Aim of the task:
Here the job is to transcribe the data exactly while omitting the images.
--- Supplied material Enclosed Below ---
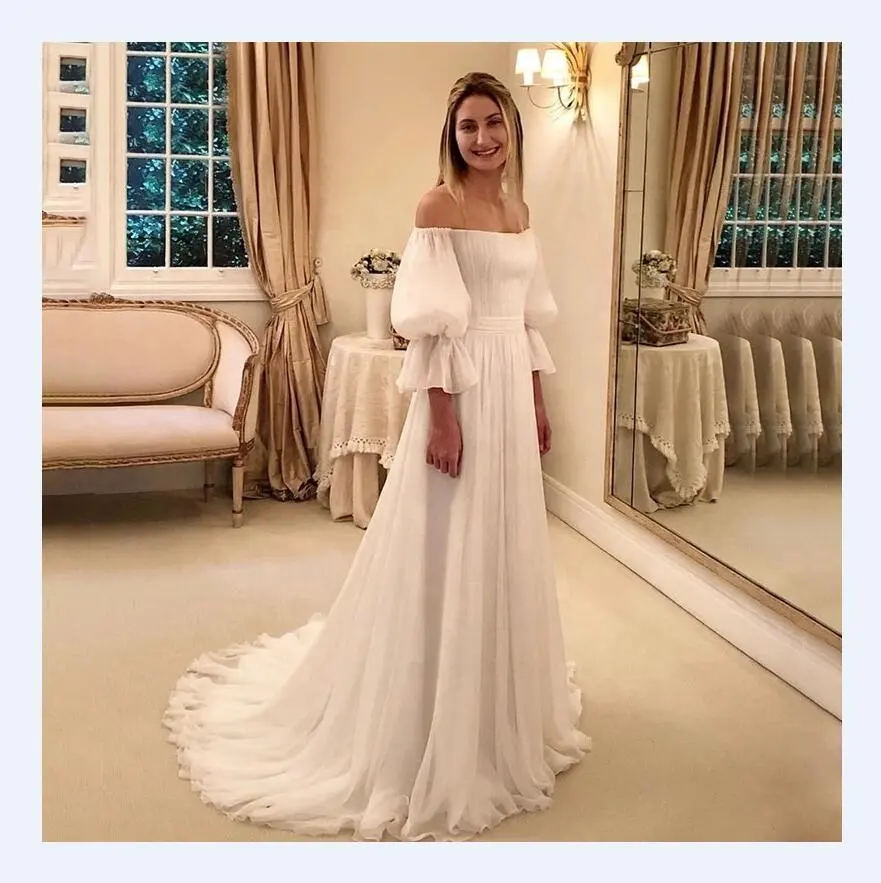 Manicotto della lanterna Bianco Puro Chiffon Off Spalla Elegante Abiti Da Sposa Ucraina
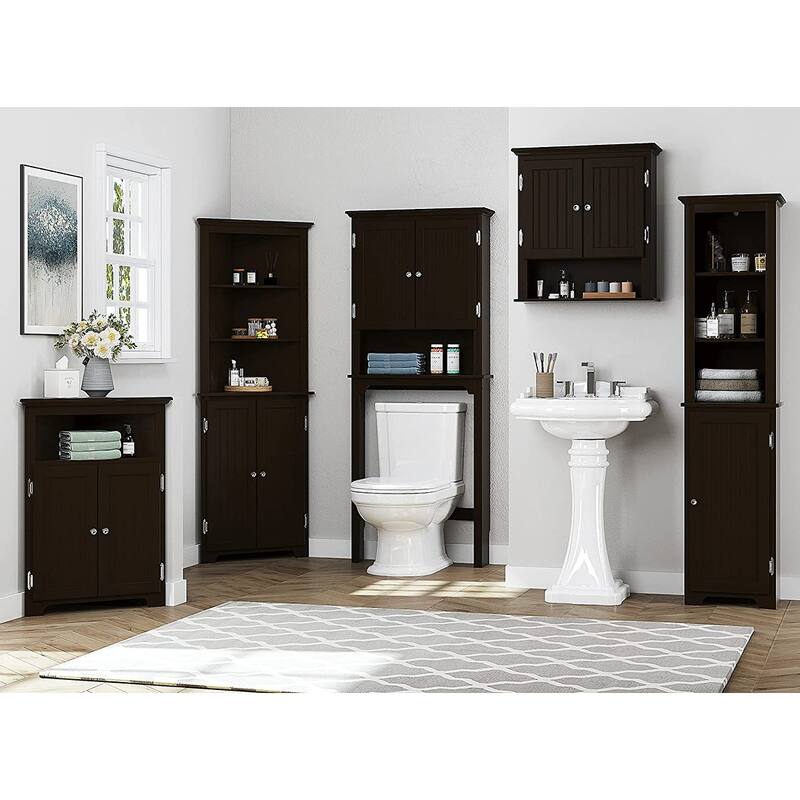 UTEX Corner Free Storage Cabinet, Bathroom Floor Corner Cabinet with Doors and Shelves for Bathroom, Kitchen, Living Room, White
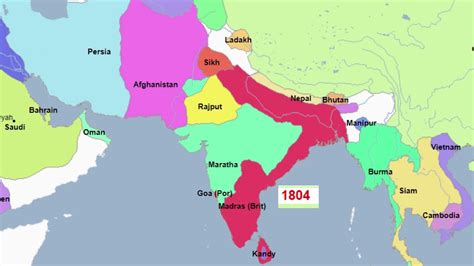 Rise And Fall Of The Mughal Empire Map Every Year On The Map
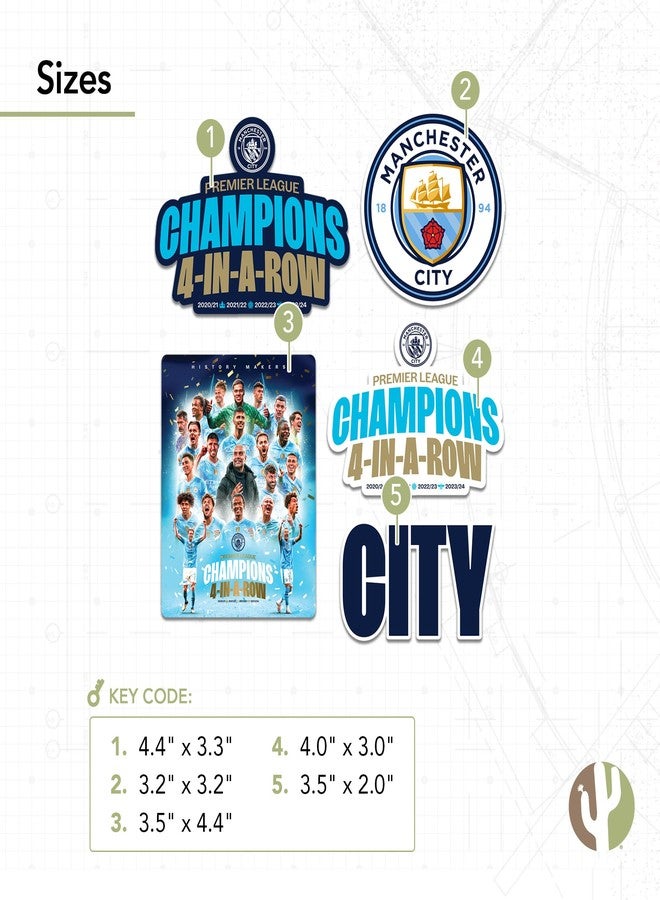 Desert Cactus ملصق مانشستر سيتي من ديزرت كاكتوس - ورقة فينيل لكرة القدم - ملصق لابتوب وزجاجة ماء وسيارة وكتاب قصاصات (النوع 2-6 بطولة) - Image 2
--- End of Enclosed Supplied material ---
Output of the exercise:
 Manicotto della lanterna Bianco Puro Chiffon Off Spalla Elegante Abiti Da Sposa Ucraina
 UTEX Corner Free Storage Cabinet, Bathroom Floor Corner Cabinet with Doors and Shelves for Bathroom, Kitchen, Living Room, White
 Rise And Fall Of The Mughal Empire Map Every Year On The Map
 Desert Cactus ملصق مانشستر سيتي من ديزرت كاكتوس - ورقة فينيل لكرة القدم - ملصق لابتوب وزجاجة ماء وسيارة وكتاب قصاصات (النوع 2-6 بطولة) - Image 2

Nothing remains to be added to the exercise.